Multiplying and dividing rational expressions# Dividing rational expressions

When we divide rational expressions, we multiply the dividend (the first expression) by the reciprocal of the divisor (the second expression). We can also see if we can reduce the quotient to lowest terms. This is very similar to dividing fractions, only we also have to think about the domain while we do it. Created by Sal Khan.

## Want to join the conversation?

- I think there is a mistake here. If you graph this expression on Desmos, the x=6 is defined. So I'm guessing the expression should be seen directly as a multiplication hence the yellow expression is not in the denominator. And Yes, the others, x=-4,x=4,x=-5 are undefined when you graph it on Desmos.(3 votes)
- You are correct, Sal does not consider that the denominator of the denominator (when dividing fractions) actually becomes the numerator of the simplification. Thus, it is not really in the denominator, but numerator. Since this video appears to be new and you are the first to discover this, you should go to the help center and report this error so they can add a correction box.(2 votes)

- At the4:24mark, after the expression is factored, Sal list the constraints for the numerator in purple that make the expression zero. However, he says one doesn't have to list any constraints that are in green because he says you can divide zero by other things. I don't understand!

Thanks in advance.(1 vote)- We are dealing with a fraction that is being divided by a second fraction.

If the denominator of either fraction is zero, then that fraction (and thereby the entire expression) is undefined.

So, neither the expression in red nor the expression in yellow can be equal to zero.

If the numerator of the second fraction is zero and the denominator isn't, then that fraction will evaluate to zero,

which means we are dividing the first fraction by zero

and the entire expression is again undefined.

So, the expression in purple can't be equal to zero either.

This leaves us with the possibility that the expression in green is zero, while none of the others are.

This way, the first fraction will evaluate to zero and the second fraction will evaluate to some non-zero number,

which means we are dividing zero by a non-zero number

and thereby the entire expression will evaluate to zero.

So, the green expression can be equal to zero.(1 vote)

## Video transcript

- [Instructor] The goal of this video is to take this big, hairy expression, where we are essentially
dividing rational expressions and see if we can
essentially do the division and then write it in reduced terms. So if you are so inspired, I encourage you to pause the video and work on this on your own
before we do this together. All right, now let's do this together. So this is completely analogous
to dividing fractions.
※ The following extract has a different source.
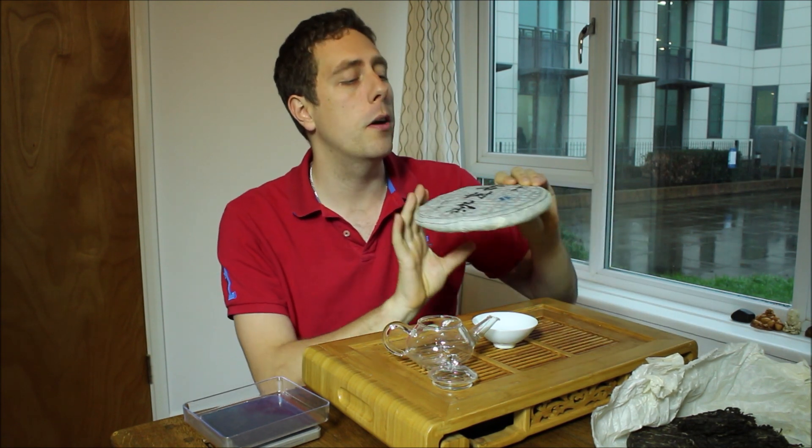Hello tea people, how are we doing? It's Oli the Tea Guru here and very excited to do this particular video. It's been a long time coming.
So if we were to divide
the fraction six over 25 by the fraction 15 over nine, we know that we can rewrite this as six over 25 divided by 15 over nine, which we know is the
same thing as six over 25 times nine over 15. And then we can factor
the various numerators and the denominators. This is two times three. This is three times three. This is five times five. This is five times three. Let's see, three in the numerator, three in the denominator. And actually, that's about
as far as we can get. So then we'll have two
times three times three, which is going to be 18 in the numerator. And then in the denominator, we have five times five
times five, which is 125. So we're going to do the
exact same thing up here, but there's one extra complication. We have to keep track of the x values that would make this expression
undefined in any way, because as we reduce to lowest terms, we might lose that information, but if we lose that information, then we have changed the expression. So we have to keep track of how we are constraining this domain. So first, I can just rewrite this as x squared minus three x minus four, all of that over negative
three x minus 15. And that's getting divided by, divided by this business. X squared minus 16 over, we have x squared minus x minus 30. Now, the next thing we can do is we can factor the various
numerators and denominators and think about which x values
could get us into trouble. So x squared minus three x minus four. Let's see, negative one. Let's see, negative four times plus one would be negative four, and then these would add
up to negative three. So I can rewrite this as x minus four times x plus one. Rewrite it that way. And then I can rewrite
what I have down here, I could factor out a negative three. So I could write that as
negative three times x plus five. And then I could write this one here. This is a difference of squares. It's going to be x plus
four times x minus four. And then last but not
least, this one over here. Let's see, if I have a five and a six, negative six plus five is negative one, negative six times five is negative 30. So it's going to be x minus six times x plus five. Now, before I go any further, and the reason why I
factored at that point, is now we can think about what x values will get us in trouble. We know that any x values that make any of the
denominators equal to zero, that would be undefined. So we wanna constrain
our domain in that way. So we know, for example, that x cannot be equal to negative five. That would make this
denominator equal to zero. Let me write that here. So x cannot be equal to negative five. We also know that x
cannot be equal to six. X cannot be equal to six. And this would also tell us that x cannot be equal to negative five. So I don't have to rewrite that again. But we're not done. So we've figured out the x values that make these
denominators equal to zero, but remember, we're also dividing by this entire expression here. So anything that would make the entire expression equal to
zero would also be a problem, 'cause you can't divide by zero. So anything that would make
this numerator equal to zero, which was this numerator right over here, would make us also divide by zero. So we have to constrain there. Not this numerator here, that one's fine. That one could be equal to zero. You can divide zero by other things. So let's see, we could
see that x cannot be equal to negative four, and actually, x cannot be equal to positive four. So now we've fully constrained our domain and now we can proceed. So let me box this off right over here, and then we continue. I can rewrite all of this. So we're going to have x
minus four times x plus one, all of that over negative
three times x plus five, and now I'm just going to,
instead of divide by this, I'm gonna multiply by the reciprocal. So this is going to be times, and I'm just gonna take the reciprocal, x minus six times x plus five, all of that over, we have x plus four times x minus four. And once again, our domain
is constrained in this way, but we see we have an x minus
four in the numerator now, x minus four in the denominator, x plus five in the denominator, x plus five in the numerator. And now we can say that this is going to be equal to x plus
one times x minus six, all of that over negative
three, negative three, times x plus four, x plus four. So the way it's written
now, we would still, it's clear that x cannot
be equal to negative four. So this information, you can say that it's already
there in this expression now that we have reduced
it to lowest terms, but this other information
right over here, this has been lost. So if you want this expression to truly be equivalent to
this expression up here, you would also have to say
comma x cannot be equal to negative five, six, or positive four. You could throw the negative
four in there if you like, but that one's already in
the expression, so to speak.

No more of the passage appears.